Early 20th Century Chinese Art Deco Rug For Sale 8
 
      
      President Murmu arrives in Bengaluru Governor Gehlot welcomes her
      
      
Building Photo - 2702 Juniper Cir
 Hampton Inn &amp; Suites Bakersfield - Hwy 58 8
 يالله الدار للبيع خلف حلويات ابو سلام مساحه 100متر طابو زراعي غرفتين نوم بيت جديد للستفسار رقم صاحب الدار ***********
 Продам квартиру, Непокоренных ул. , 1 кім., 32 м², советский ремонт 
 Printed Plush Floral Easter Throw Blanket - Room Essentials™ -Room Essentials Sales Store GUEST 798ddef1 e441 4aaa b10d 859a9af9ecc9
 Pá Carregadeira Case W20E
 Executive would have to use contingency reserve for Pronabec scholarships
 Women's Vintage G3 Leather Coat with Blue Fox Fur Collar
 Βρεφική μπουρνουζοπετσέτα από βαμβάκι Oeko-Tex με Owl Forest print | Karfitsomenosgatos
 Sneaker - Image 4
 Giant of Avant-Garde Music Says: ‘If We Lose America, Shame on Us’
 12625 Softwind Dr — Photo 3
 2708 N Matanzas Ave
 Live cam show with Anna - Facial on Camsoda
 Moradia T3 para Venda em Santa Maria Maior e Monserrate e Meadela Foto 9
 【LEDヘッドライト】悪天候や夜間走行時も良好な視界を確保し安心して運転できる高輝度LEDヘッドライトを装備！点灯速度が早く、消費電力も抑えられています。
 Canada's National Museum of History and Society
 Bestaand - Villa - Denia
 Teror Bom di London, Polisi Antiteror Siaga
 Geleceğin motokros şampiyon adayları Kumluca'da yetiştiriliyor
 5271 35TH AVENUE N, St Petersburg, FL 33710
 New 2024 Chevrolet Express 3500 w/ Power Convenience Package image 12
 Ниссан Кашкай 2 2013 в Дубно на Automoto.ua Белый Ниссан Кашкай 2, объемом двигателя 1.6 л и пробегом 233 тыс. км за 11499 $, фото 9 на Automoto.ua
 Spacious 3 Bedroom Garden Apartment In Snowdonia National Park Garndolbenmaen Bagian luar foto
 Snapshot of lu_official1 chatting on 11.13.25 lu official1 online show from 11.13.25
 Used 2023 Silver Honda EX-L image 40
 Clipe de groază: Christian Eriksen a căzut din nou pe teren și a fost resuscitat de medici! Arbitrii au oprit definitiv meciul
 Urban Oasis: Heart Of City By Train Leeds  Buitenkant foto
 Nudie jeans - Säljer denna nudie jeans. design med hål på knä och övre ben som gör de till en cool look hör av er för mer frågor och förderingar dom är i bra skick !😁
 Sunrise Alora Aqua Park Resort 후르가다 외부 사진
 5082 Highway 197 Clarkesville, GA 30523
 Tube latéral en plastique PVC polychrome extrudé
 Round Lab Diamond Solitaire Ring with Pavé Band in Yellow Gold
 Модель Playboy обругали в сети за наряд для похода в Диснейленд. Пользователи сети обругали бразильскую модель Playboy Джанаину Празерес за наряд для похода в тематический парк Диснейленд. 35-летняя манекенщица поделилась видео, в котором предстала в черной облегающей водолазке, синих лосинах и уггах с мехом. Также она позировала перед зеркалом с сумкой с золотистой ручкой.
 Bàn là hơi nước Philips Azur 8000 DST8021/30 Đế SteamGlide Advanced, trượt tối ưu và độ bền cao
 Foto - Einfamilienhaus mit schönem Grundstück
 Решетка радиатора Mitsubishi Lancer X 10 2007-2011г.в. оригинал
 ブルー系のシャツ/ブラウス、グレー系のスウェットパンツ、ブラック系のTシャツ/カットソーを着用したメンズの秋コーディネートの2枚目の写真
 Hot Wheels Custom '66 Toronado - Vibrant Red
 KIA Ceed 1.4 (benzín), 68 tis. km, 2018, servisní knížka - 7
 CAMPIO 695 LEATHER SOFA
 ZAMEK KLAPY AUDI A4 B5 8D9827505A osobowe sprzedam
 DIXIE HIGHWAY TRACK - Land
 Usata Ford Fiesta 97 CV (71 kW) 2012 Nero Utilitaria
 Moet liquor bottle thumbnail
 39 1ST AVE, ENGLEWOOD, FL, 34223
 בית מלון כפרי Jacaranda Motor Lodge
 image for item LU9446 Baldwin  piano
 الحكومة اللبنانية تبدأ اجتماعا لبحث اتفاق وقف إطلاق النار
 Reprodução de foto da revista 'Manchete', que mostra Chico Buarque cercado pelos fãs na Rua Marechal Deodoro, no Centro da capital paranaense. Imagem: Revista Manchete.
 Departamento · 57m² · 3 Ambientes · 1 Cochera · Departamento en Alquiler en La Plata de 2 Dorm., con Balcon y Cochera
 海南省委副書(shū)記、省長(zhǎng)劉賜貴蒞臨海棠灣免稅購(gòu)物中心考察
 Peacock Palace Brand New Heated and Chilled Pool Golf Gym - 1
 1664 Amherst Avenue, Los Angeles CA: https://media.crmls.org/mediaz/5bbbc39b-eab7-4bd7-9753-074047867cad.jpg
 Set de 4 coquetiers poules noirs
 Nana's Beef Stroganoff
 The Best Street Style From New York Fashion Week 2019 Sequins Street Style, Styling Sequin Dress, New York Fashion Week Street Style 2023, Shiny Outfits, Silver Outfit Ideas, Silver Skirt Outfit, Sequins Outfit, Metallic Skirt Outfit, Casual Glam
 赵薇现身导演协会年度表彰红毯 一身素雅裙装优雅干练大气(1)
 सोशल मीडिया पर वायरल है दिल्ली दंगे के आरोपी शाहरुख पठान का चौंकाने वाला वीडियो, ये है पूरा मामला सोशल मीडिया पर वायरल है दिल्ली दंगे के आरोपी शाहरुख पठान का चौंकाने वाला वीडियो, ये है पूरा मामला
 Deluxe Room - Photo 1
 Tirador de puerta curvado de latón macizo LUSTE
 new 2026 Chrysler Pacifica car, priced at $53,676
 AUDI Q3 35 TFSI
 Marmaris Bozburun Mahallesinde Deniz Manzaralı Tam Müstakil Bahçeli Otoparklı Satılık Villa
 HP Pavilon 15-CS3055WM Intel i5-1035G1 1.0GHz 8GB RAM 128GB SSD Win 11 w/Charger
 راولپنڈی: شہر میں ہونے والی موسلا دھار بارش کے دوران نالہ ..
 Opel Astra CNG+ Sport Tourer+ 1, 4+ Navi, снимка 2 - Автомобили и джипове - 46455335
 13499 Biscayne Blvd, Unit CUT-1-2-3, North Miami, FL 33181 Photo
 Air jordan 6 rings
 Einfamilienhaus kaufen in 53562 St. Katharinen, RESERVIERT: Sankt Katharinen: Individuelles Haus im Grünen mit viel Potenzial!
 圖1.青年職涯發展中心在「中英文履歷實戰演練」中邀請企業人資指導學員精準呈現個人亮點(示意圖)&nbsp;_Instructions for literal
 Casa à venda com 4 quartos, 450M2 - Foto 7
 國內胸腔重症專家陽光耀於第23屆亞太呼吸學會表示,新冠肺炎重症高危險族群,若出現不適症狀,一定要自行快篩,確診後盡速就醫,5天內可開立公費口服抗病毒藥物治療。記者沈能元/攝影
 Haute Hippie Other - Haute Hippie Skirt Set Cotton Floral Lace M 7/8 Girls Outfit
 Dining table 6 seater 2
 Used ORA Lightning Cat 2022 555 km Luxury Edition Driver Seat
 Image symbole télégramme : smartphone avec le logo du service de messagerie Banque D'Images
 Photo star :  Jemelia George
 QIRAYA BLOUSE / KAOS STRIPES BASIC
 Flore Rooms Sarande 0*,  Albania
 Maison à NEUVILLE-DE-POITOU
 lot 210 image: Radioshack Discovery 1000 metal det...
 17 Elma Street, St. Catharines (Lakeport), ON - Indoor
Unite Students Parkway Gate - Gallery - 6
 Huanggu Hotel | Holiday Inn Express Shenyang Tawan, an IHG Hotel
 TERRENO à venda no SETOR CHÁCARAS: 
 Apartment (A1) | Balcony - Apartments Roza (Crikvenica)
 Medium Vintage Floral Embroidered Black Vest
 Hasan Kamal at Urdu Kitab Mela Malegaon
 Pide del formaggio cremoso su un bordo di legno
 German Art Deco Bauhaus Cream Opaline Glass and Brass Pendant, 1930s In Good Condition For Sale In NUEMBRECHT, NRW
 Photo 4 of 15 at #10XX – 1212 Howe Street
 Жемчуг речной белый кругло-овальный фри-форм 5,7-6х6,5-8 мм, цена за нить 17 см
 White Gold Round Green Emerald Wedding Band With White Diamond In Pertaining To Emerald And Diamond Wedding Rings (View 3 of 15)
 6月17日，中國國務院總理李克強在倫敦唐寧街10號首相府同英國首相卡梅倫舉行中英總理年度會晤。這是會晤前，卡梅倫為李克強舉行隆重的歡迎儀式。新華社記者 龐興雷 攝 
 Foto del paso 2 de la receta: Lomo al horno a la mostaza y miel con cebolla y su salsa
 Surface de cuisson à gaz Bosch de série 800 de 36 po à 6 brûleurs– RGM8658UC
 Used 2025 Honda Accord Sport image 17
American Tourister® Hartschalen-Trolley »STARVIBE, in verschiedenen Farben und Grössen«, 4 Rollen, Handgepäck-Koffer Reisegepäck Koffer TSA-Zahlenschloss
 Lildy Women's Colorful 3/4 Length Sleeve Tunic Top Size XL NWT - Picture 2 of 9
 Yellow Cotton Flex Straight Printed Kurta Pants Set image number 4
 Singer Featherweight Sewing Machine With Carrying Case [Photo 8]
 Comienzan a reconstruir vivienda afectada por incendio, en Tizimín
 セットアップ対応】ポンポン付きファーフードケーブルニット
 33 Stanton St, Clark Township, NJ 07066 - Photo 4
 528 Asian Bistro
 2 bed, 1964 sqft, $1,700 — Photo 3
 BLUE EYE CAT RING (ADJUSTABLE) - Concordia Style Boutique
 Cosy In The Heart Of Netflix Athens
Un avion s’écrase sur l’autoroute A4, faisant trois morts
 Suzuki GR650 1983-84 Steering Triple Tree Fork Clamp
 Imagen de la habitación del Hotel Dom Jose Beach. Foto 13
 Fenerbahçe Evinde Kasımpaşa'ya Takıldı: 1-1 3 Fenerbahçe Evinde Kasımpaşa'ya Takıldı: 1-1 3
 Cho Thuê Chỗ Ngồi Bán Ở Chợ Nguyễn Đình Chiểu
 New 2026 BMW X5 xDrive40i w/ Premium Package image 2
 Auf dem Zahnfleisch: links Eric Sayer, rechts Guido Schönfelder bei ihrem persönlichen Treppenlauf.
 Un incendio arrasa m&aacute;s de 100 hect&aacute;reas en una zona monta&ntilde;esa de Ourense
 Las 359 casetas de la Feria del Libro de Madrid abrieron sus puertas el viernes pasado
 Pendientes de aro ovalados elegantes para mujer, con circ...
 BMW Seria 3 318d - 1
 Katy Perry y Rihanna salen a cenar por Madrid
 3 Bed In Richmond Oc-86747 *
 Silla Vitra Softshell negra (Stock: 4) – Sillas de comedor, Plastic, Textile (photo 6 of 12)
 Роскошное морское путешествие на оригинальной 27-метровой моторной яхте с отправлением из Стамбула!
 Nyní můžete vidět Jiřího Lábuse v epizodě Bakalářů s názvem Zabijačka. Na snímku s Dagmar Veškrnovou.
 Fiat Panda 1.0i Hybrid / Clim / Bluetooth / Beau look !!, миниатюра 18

-----

**Your objective:** A word-for-word copy of the lines above from the one with "CAMPIO 695 LEATHER SOFA" through the one with "בית מלון כפרי Jacaranda Motor Lodge", inclusive, is the only output wanted.

**Answer space:**
 CAMPIO 695 LEATHER SOFA
 ZAMEK KLAPY AUDI A4 B5 8D9827505A osobowe sprzedam
 DIXIE HIGHWAY TRACK - Land
 Usata Ford Fiesta 97 CV (71 kW) 2012 Nero Utilitaria
 Moet liquor bottle thumbnail
 39 1ST AVE, ENGLEWOOD, FL, 34223
 בית מלון כפרי Jacaranda Motor Lodge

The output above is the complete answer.